A dissolução é um requisito fundamental para permitir a formação de um governo provisório, tal como anunciado na segunda-feira pelo chefe do exército do Bangladesh, Waker-Uz-Zaman, numa declaração que confirmou a demissão da primeira-ministra e a sua saída do país. A medida abre igualmente portas à realização de eleições legislativas no prazo de três meses.

A composição do novo governo provisório é ainda desconhecida, embora os líderes estudantis tenham proposto o nome do Prémio Nobel da Paz Muhammad Yunus para liderar o processo de transição, missão que o laureado confirmou entretanto aceitar.

O governo provisório dará prioridade ao restabelecimento da lei e da ordem nas ruas, depois de o país ter vivido na segunda-feira o dia mais mortífero desde o início dos protestos estudantis, que começaram há um mês para exigir a revogação de um sistema de quotas para o emprego público e acabaram por exigir a demissão de Hasina na sequência da brutal repressão das manifestações.

De acordo com a agência espanhola EFE, pelo menos 99 pessoas foram mortas no último dia, durante violentos confrontos e incidentes, que incluíram incêndios em vários edifícios relacionados com a Liga Awami, força política de Hasina.

O número de mortos desde o início das manifestações, no princípio de julho, ultrapassa os 400.

Entretanto, a antiga primeira-ministra e líder da oposição no Bangladesh, Khaleda Zia, condenada em 2018 a 17 anos de prisão por corrupção, foi libertada esta terça-feira, indicou o porta-voz do Partido Nacionalista do Bangladesh (PNB, oposição), um dia depois de o exército ter tomado o controlo do país.

“[Zia, a grande rival de Hasina] está agora livre”, disse à agência francesa AFP o porta-voz partidário, A.K.M. Wahiduzzaman, menos de 24 horas depois de o Presidente do Bangladesh, Mohammed Shahabuddin, ter ordenado a sua libertação.

Esta terça-feira, na capital do país, Daca, as mães de algumas das centenas de presos políticos detidos arbitrariamente durante o regime de Hasina aguardavam à porta dos serviços secretos militares à espera de notícias.

“Precisamos de respostas”, disse Sanjida Islam Tulee, coordenadora do movimento “Mayer Daak” (“Apelo das Mães”, na tradução em português), que está a fazer campanha pela libertação dos detidos pelas forças de segurança de Hasina.

Paralelamente, o principal sindicato da polícia do Bangladesh anunciou esta terça-feira que vai entrar em greve.

“Até que a segurança de todos os membros da polícia seja garantida, estamos a declarar uma greve”, escreveu a Associação da Polícia do Bangladesh, que representa milhares de oficiais superiores, num comunicado.

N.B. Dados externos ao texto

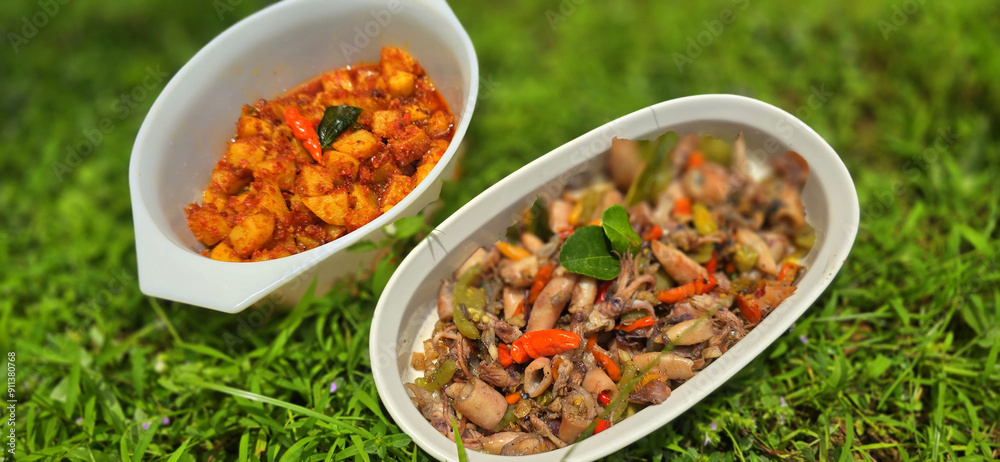 sauteed salty squid with black ink sauce with spicy seasoning called tumis cumi asin, is local Indonesian homemade cooking to include chili, ginger, and lime leaf served in a bowl sauteed salty squid with black ink sauce with spicy seasoning called tumis cumi asin, is local Indonesian homemade cooking to include chili, ginger, and lime leaf served in a bowl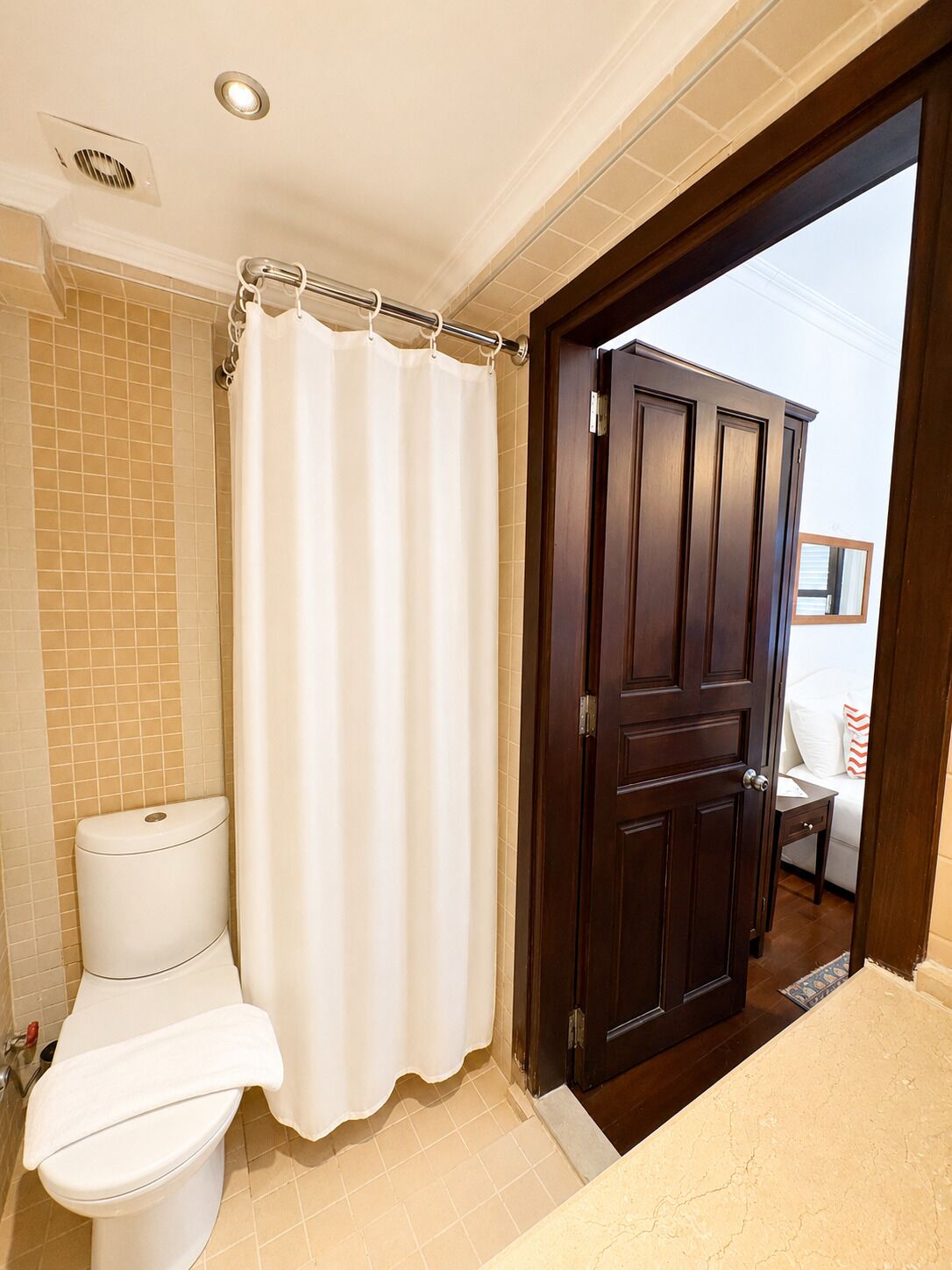 A bathroom with a toilet, a shower curtain, and a wooden door leading to a bedroom.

Na mesma nota informativa, os líderes sindicais pediram “perdão” por terem ter disparado contra estudantes, alegando terem sido forçados a abrir fogo.

A situação mantém-se calma em Daca, onde, embora o tráfego tenha sido retomado e as lojas reabertas, os escritórios governamentais permaneceram fechados.

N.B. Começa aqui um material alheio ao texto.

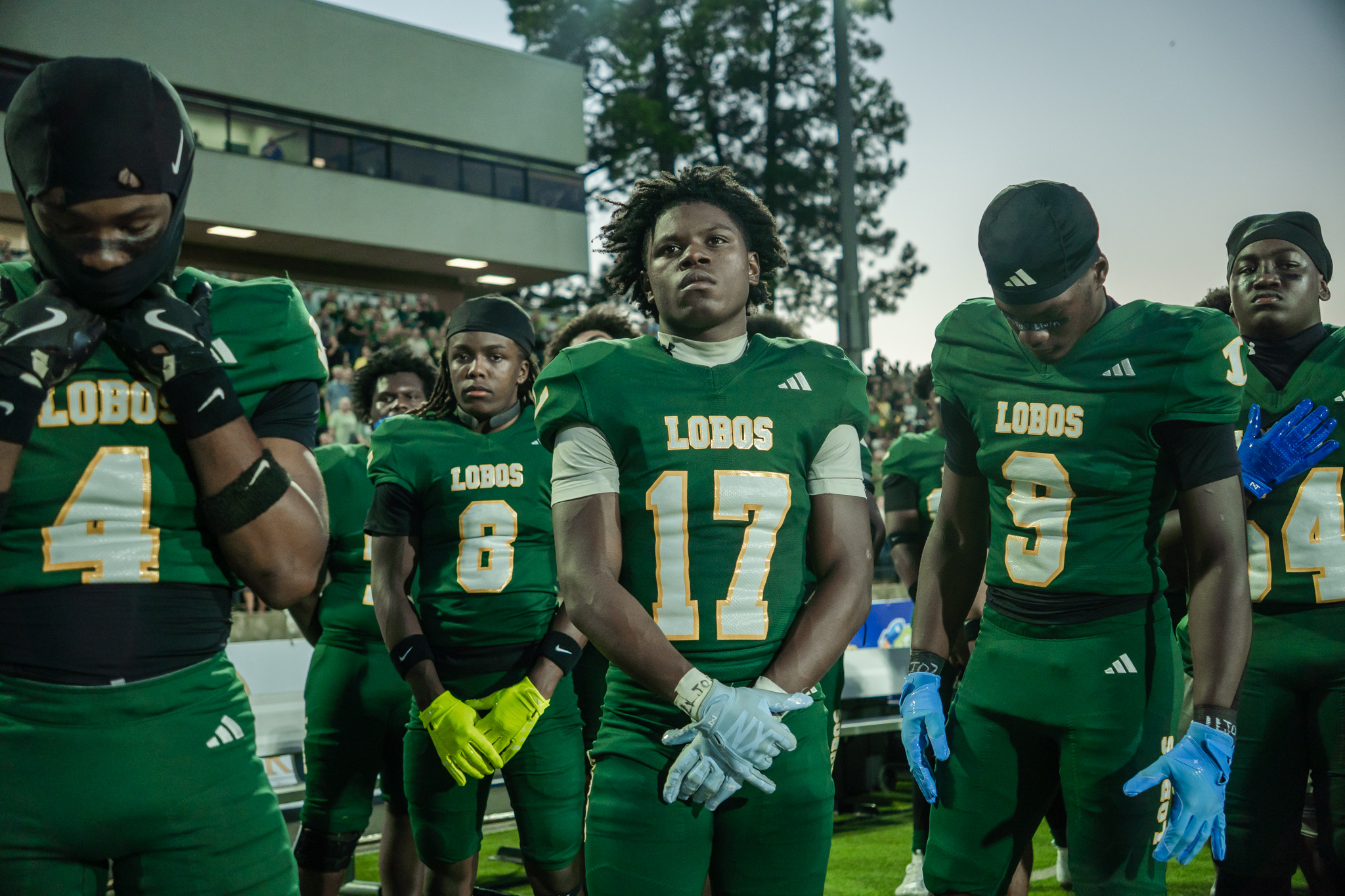 Longview player number 17 surrounded by teammates before the game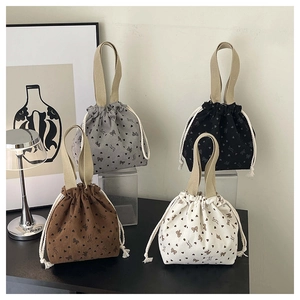 Detailed view of corduroy bucket bags with floral patterns and drawstring closure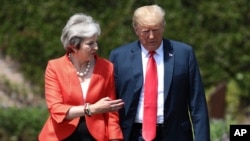 British Prime Minister Theresa May walks with President Donald Trump prior to a joint press conference at Chequers, in Buckinghamshire, England, July 13, 2018.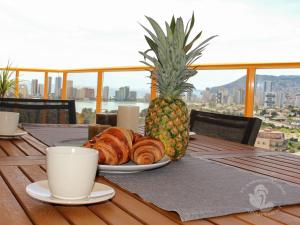 einen Tisch mit einem Teller Croissants und einer Ananas in der Unterkunft Flamenco Ambar Luxury Apartment 15 Planta in Calpe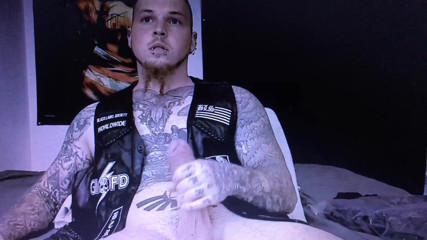 Heavily tattooed and pierced straight guy edging thick cock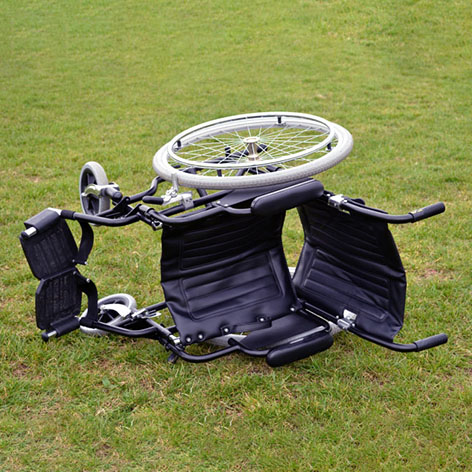 An empty wheelchair tipped over on its side, symbolizing the risk of falls for wheelchair users.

Na segunda-feira, na sequência do discurso de Waker-Uz-Zaman, milhares de bengalis saíram para as ruas de Daca. Os manifestantes invadiram o parlamento, incendiaram as instalações de canais de televisão pró-governamentais e partiram estátuas do pai da ex-primeira-ministra, Sheikh Mujibur Rahman, um herói da independência do país.

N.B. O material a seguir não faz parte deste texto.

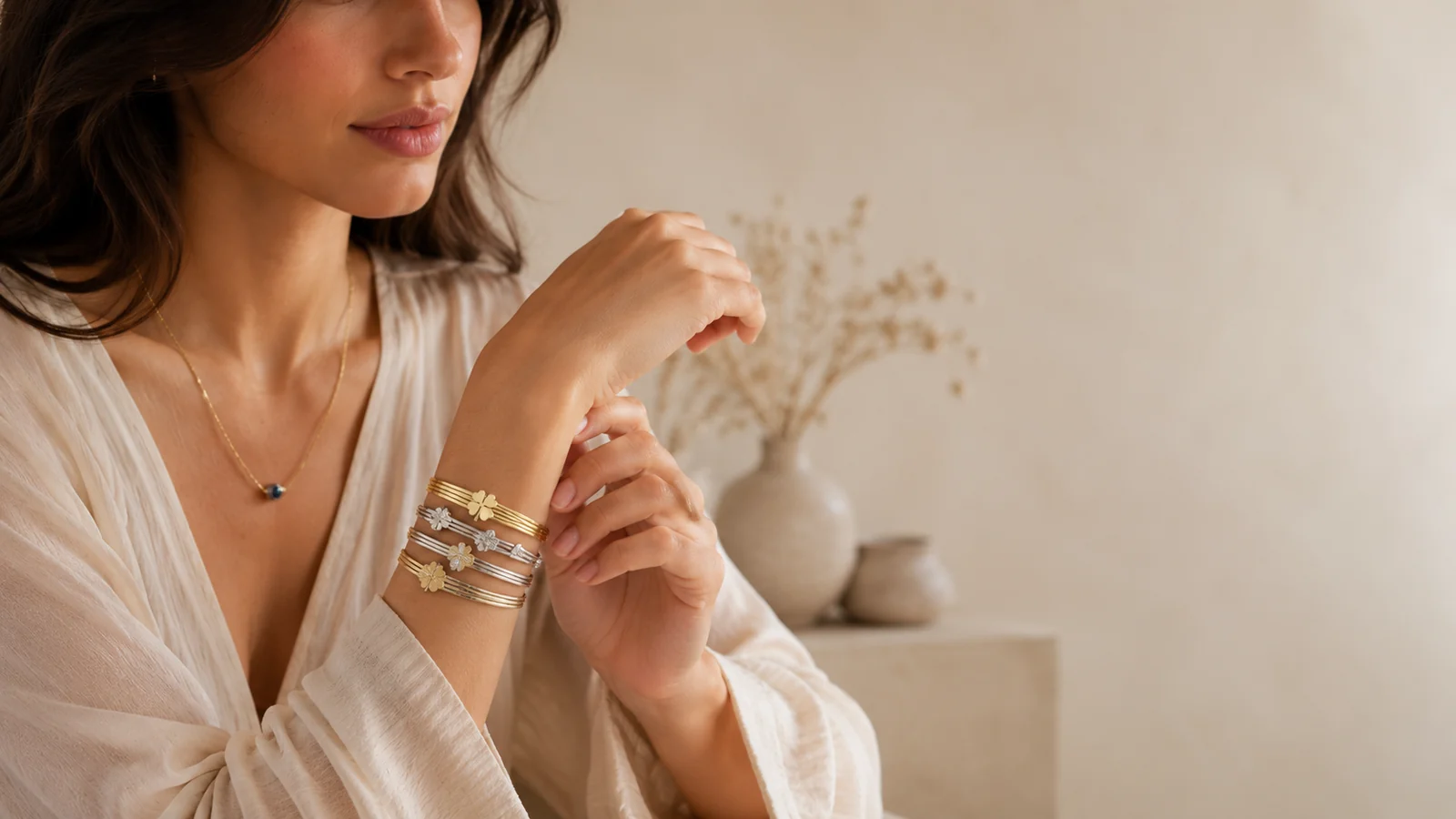 Gold and silver Zeray bangles arranged as an elegant layered wrist stack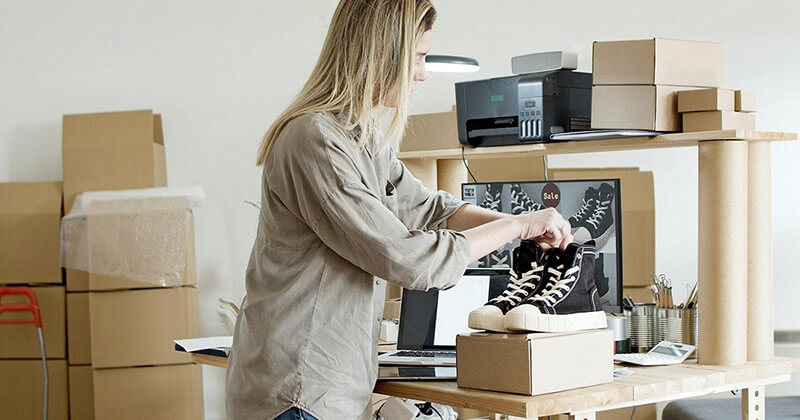 Woman holding shoes purchased from e-commerce website. 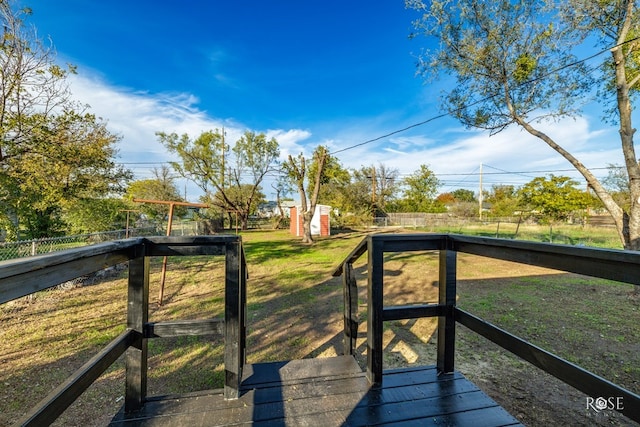 wooden terrace with a lawn and fence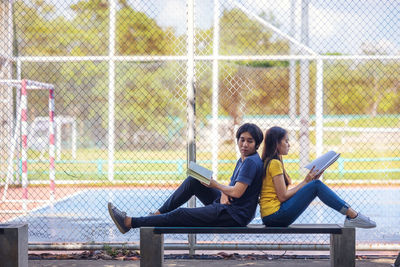 Young couple sitting on bench against fence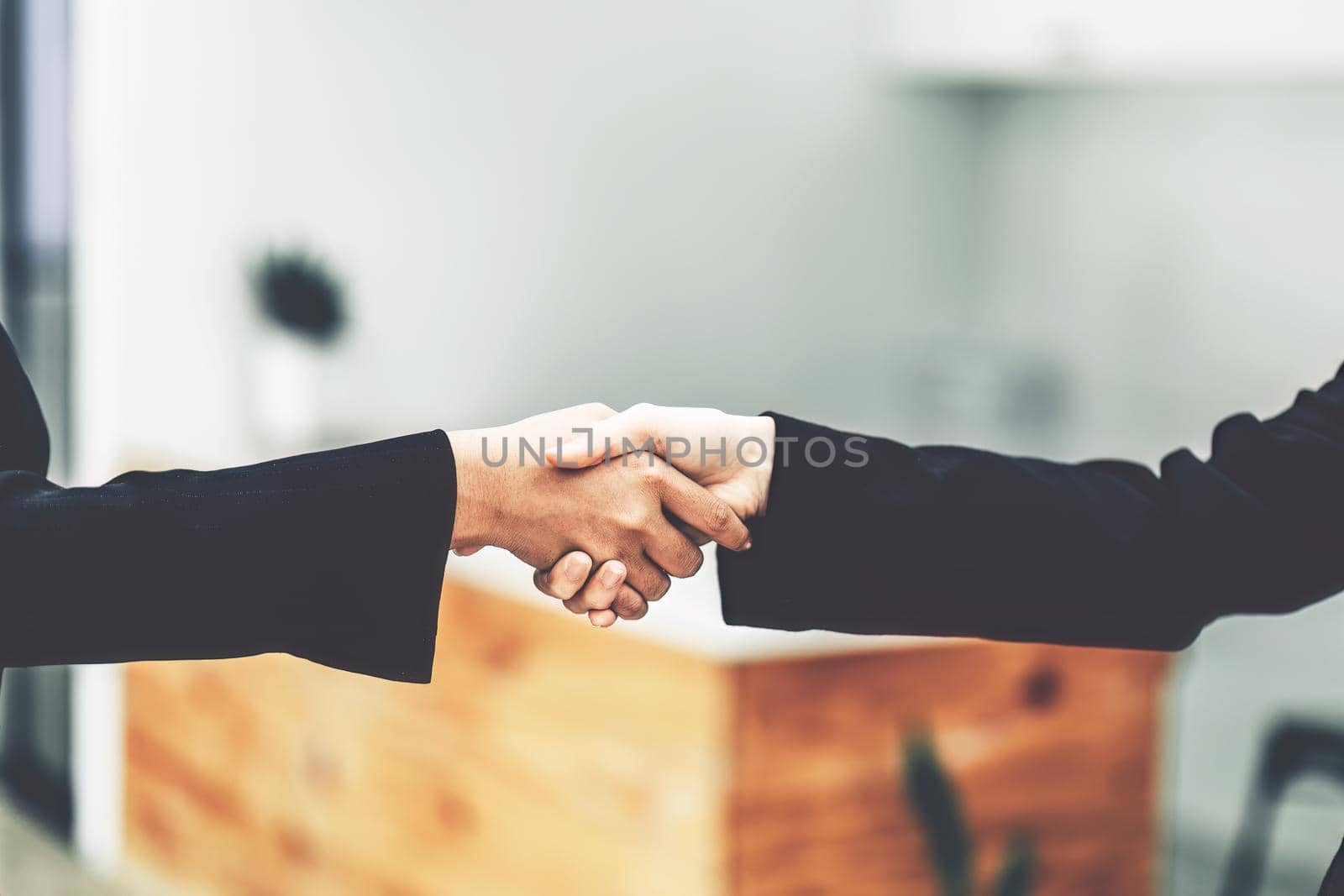 business merger, Asian businesswoman shake hands at the conference room with showcase their collaboration to strengthen their marketing efforts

Os escritórios da Liga Awami, o partido de Hasina, foram incendiados e saqueados em todo o país, disseram testemunhas à AFP.

Lojas e casas pertencentes a hindus – um grupo considerado por alguns, neste país de maioria muçulmana, como próximo de Hasina – também foram atacadas, disseram testemunhas.

Por sua vez, a Índia afirmou esta terça-feira estar “profundamente preocupada” com a crise no vizinho Bangladesh.

O ministro dos Negócios Estrangeiros indiano, Subrahmanyam Jaishankar, afirmou no parlamento que continuará “profundamente preocupado até que a lei e a ordem sejam claramente restabelecidas”, confirmando a presença de Sheikh Hasina na Índia.

Segundo um porta-voz oficial, Hasina está apenas “de passagem” pelo país, a caminho de Londres. No entanto, o apelo do governo britânico a um inquérito da ONU sobre os “níveis de violência sem precedentes” no Bangladesh lançou dúvidas sobre a possibilidade deste destino.